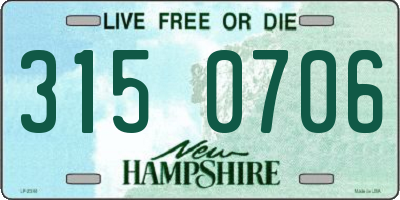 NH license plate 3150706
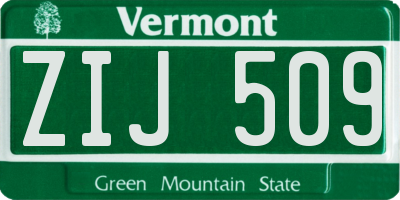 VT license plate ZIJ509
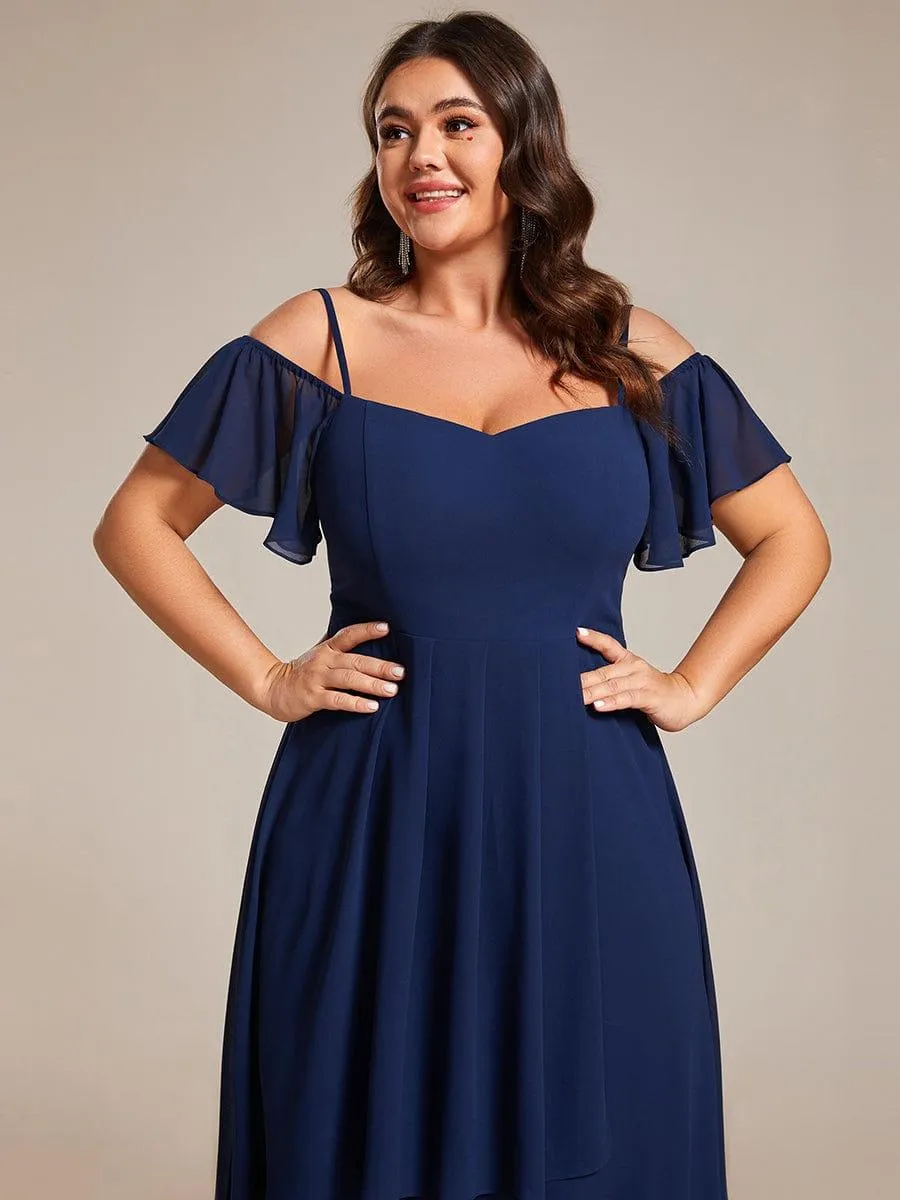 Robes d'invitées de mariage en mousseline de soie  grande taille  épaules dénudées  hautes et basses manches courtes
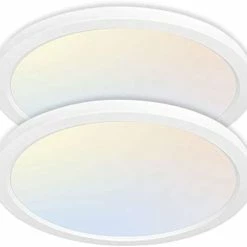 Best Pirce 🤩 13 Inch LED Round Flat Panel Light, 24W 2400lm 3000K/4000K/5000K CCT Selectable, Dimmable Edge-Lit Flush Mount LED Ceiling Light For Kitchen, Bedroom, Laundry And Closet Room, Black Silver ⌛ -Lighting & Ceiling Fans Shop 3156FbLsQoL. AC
§
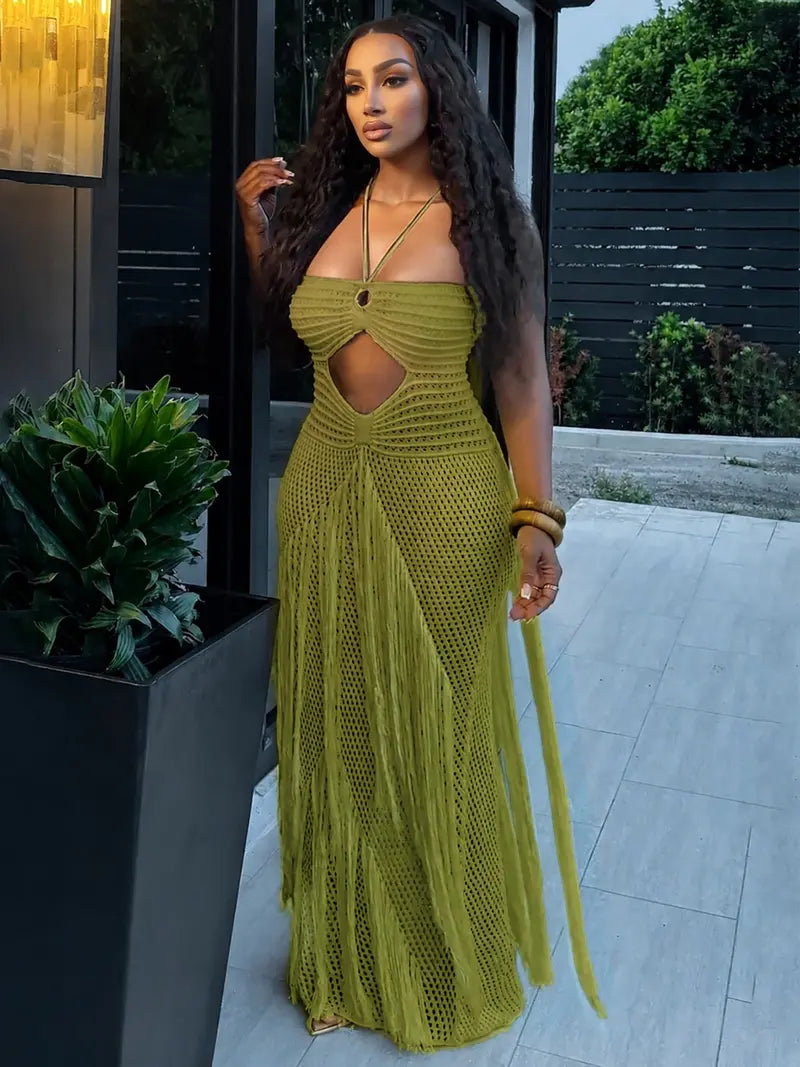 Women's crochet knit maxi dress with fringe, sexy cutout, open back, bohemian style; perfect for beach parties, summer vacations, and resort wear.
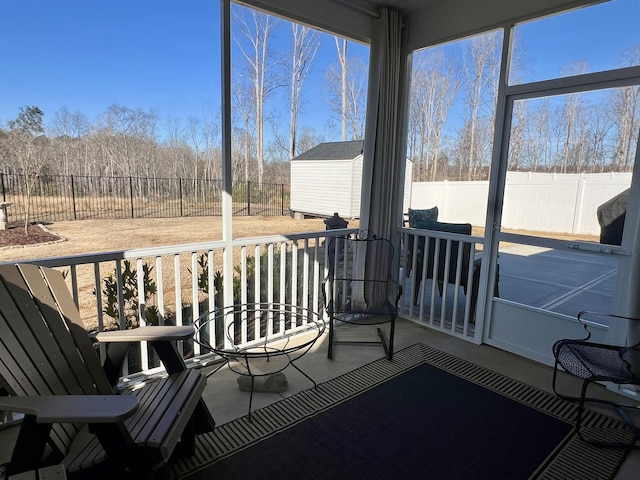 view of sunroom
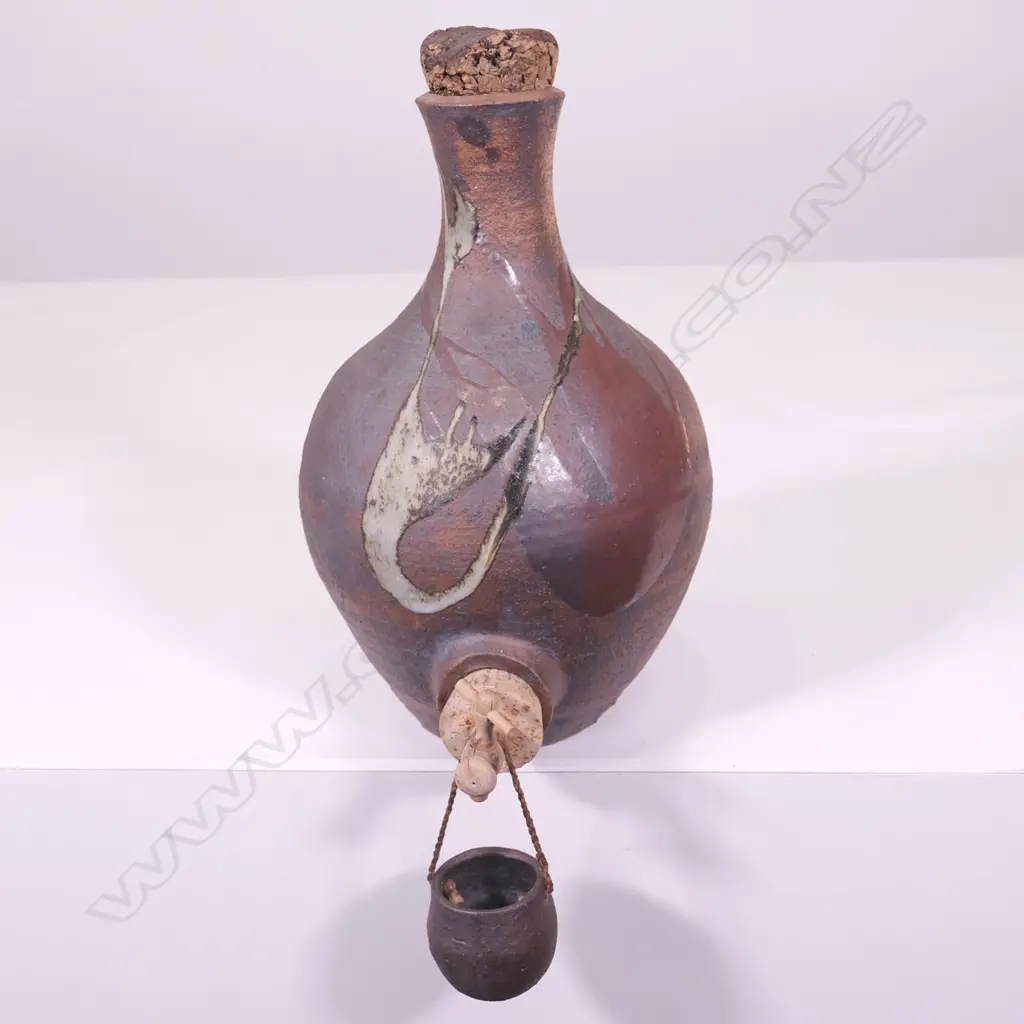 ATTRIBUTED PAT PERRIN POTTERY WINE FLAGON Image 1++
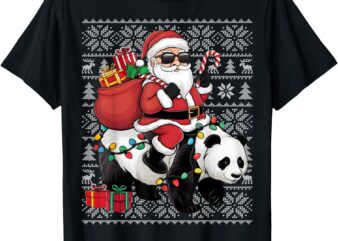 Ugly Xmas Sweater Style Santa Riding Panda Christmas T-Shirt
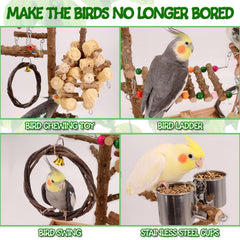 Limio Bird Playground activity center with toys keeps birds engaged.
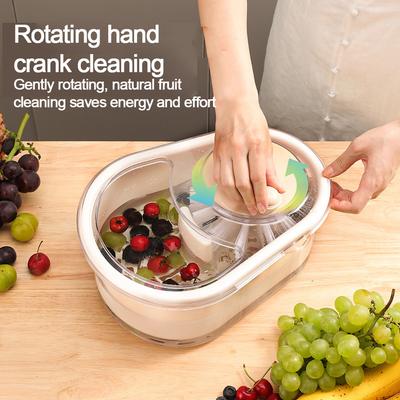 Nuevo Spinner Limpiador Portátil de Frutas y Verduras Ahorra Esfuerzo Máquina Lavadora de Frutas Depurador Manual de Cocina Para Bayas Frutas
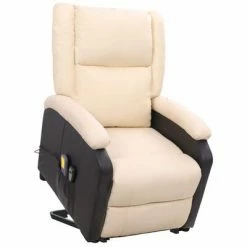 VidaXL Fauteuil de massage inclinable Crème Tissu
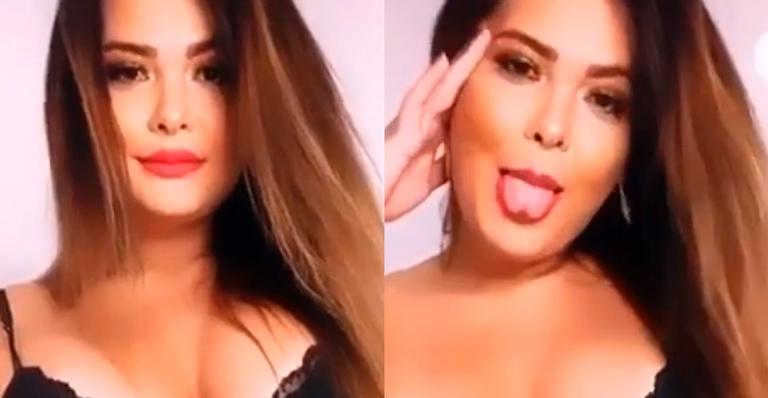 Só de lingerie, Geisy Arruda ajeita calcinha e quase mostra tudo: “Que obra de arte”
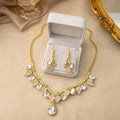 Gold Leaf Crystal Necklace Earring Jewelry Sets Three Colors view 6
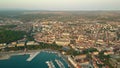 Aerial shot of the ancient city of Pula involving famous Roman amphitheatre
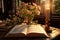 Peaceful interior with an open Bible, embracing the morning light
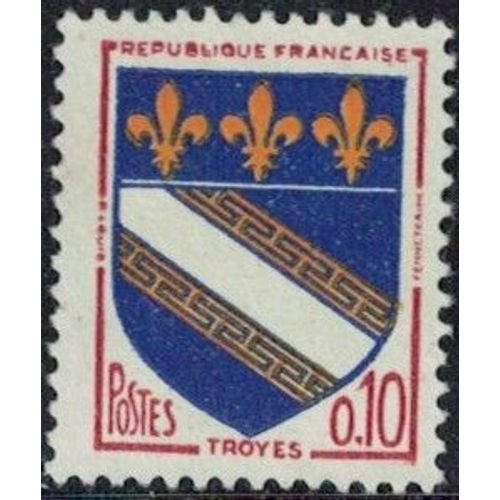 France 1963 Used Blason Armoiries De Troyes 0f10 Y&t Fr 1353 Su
§
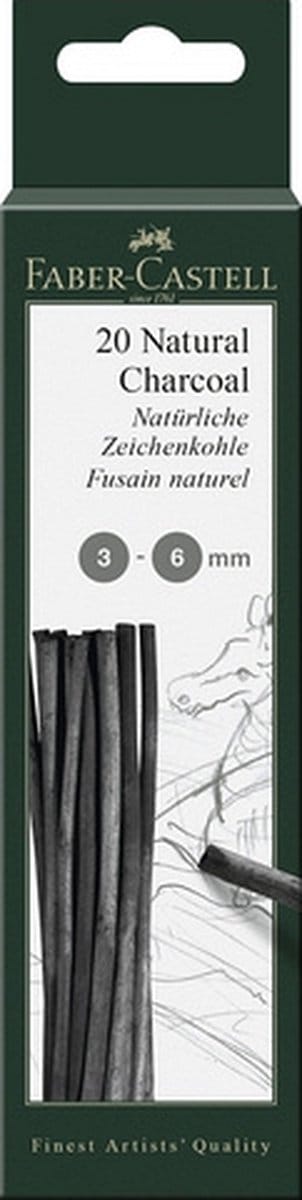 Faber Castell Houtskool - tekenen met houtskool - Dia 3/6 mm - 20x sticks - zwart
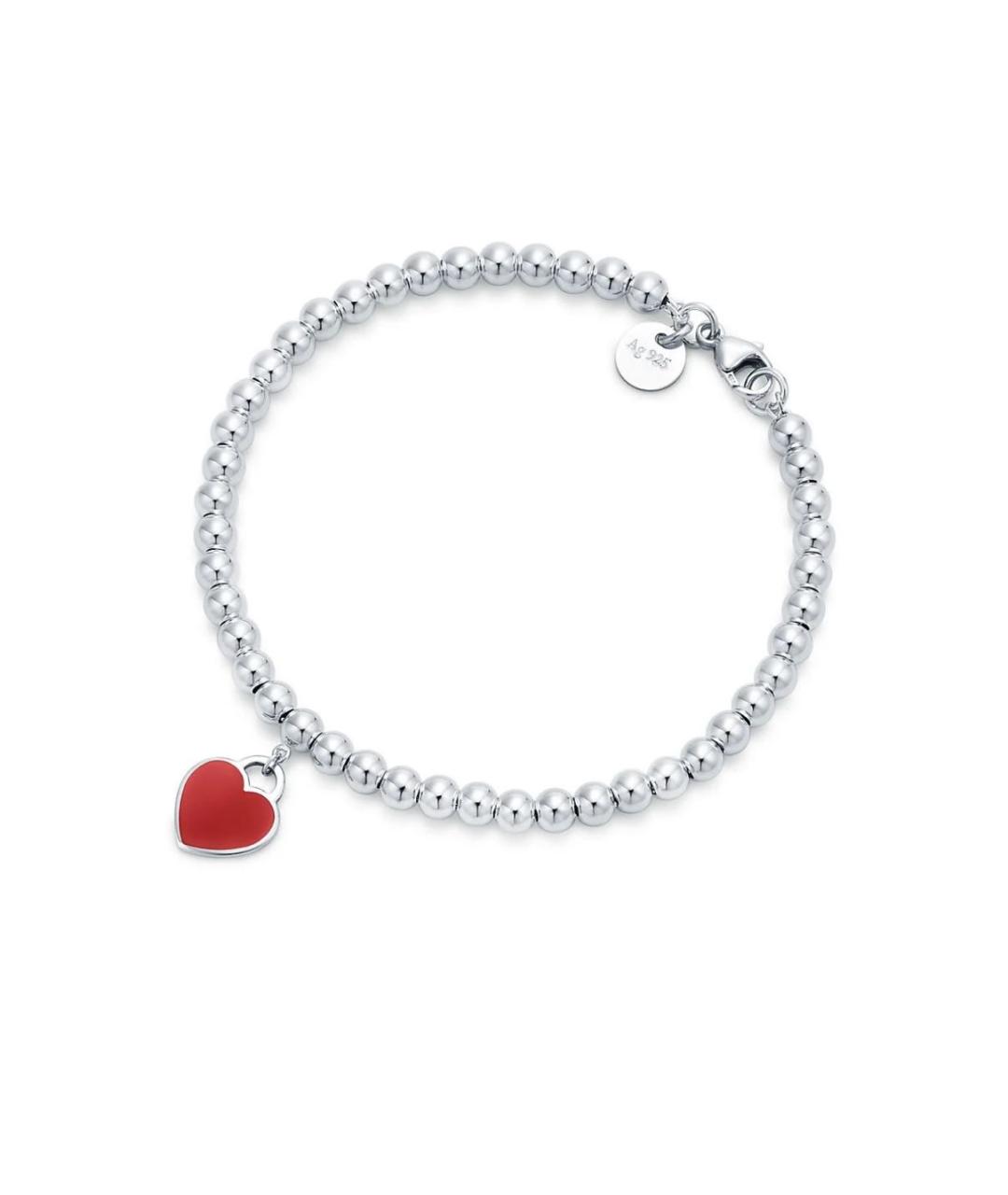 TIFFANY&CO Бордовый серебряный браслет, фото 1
§
* _Problem_
The answer is the lines above from the one with "Só de lingerie, Geisy" to the one with "France 1963 Used", set down exactly, with no pictures.

* _Solution_
 Só de lingerie, Geisy Arruda ajeita calcinha e quase mostra tudo: “Que obra de arte”
 Gold Leaf Crystal Necklace Earring Jewelry Sets Three Colors view 6
 Aerial shot of the ancient city of Pula involving famous Roman amphitheatre
 Peaceful interior with an open Bible, embracing the morning light
 France 1963 Used Blason Armoiries De Troyes 0f10 Y&t Fr 1353 Su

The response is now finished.